-- EXERCISE INPUTS --
Start of Block

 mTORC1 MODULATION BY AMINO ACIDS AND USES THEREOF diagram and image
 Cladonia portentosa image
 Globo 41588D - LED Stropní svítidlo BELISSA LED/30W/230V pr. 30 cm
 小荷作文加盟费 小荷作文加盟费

End of Block
Start of Block

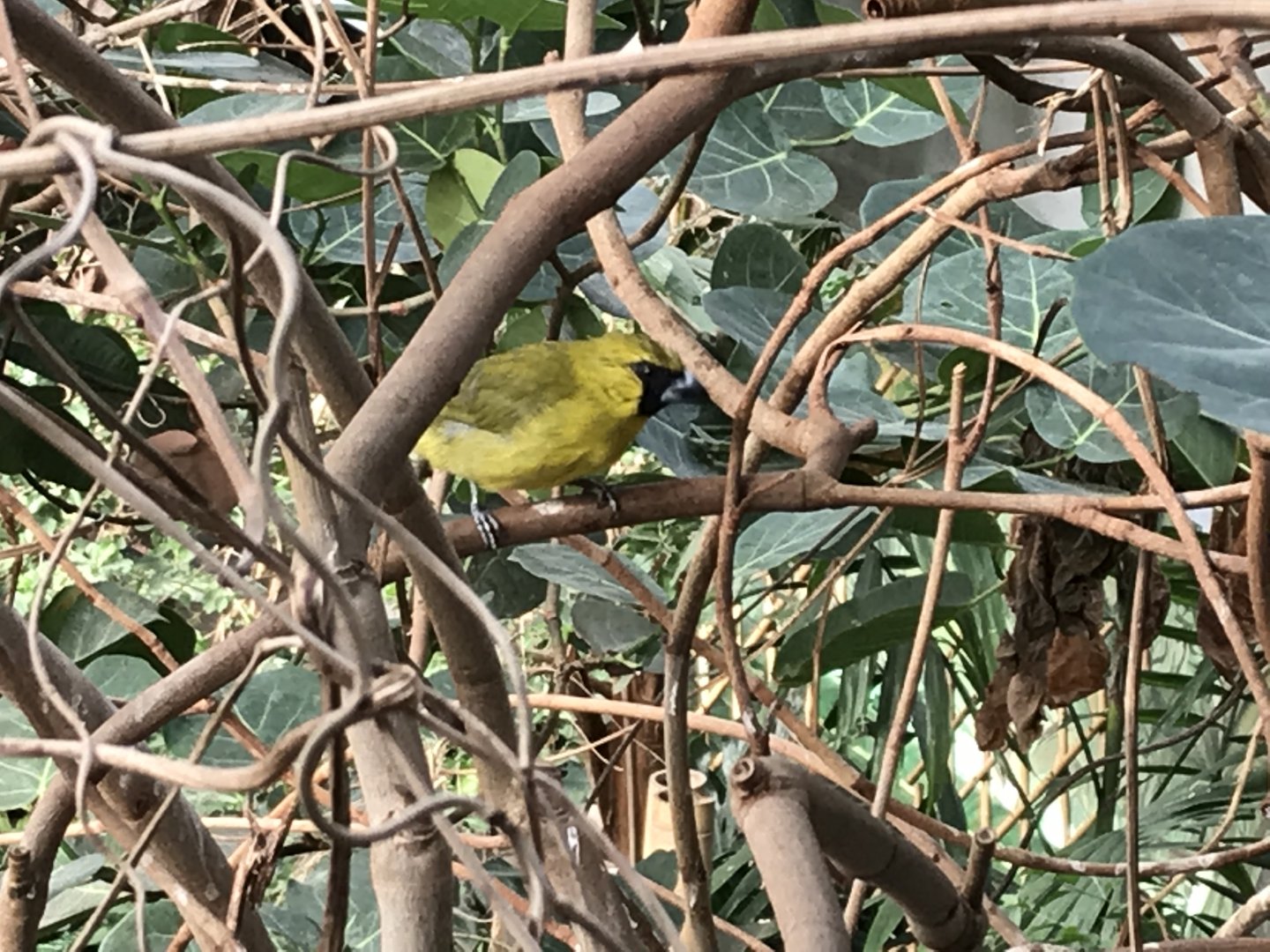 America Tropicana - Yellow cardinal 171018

End of Block
Start of Block

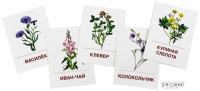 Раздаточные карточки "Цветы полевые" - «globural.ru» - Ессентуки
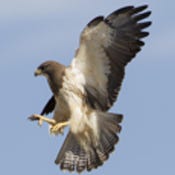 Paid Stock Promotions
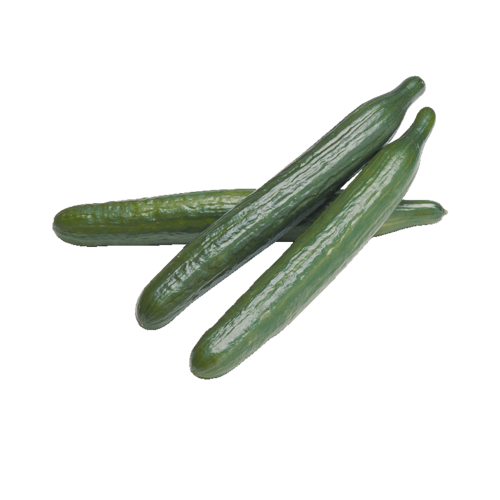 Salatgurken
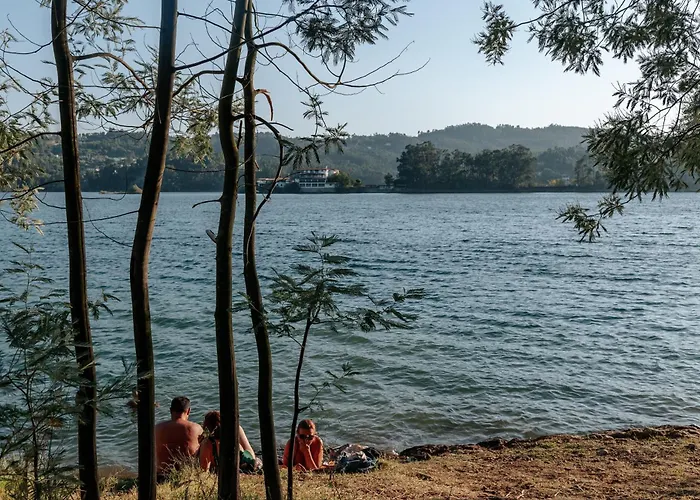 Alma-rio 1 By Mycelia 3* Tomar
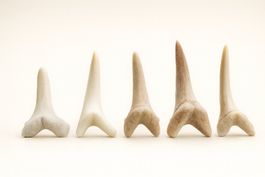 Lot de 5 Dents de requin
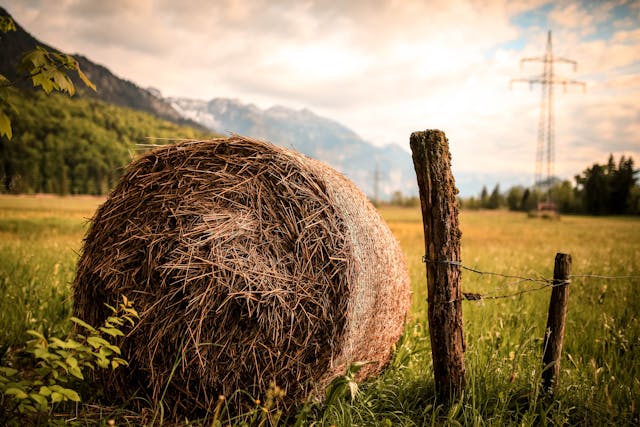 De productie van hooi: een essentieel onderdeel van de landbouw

End of Block

-- EXERCISE AIM --
Look over the data and work out how many lines include the word "image"; reply with the number only.

-- SOLVED EXERCISE --
2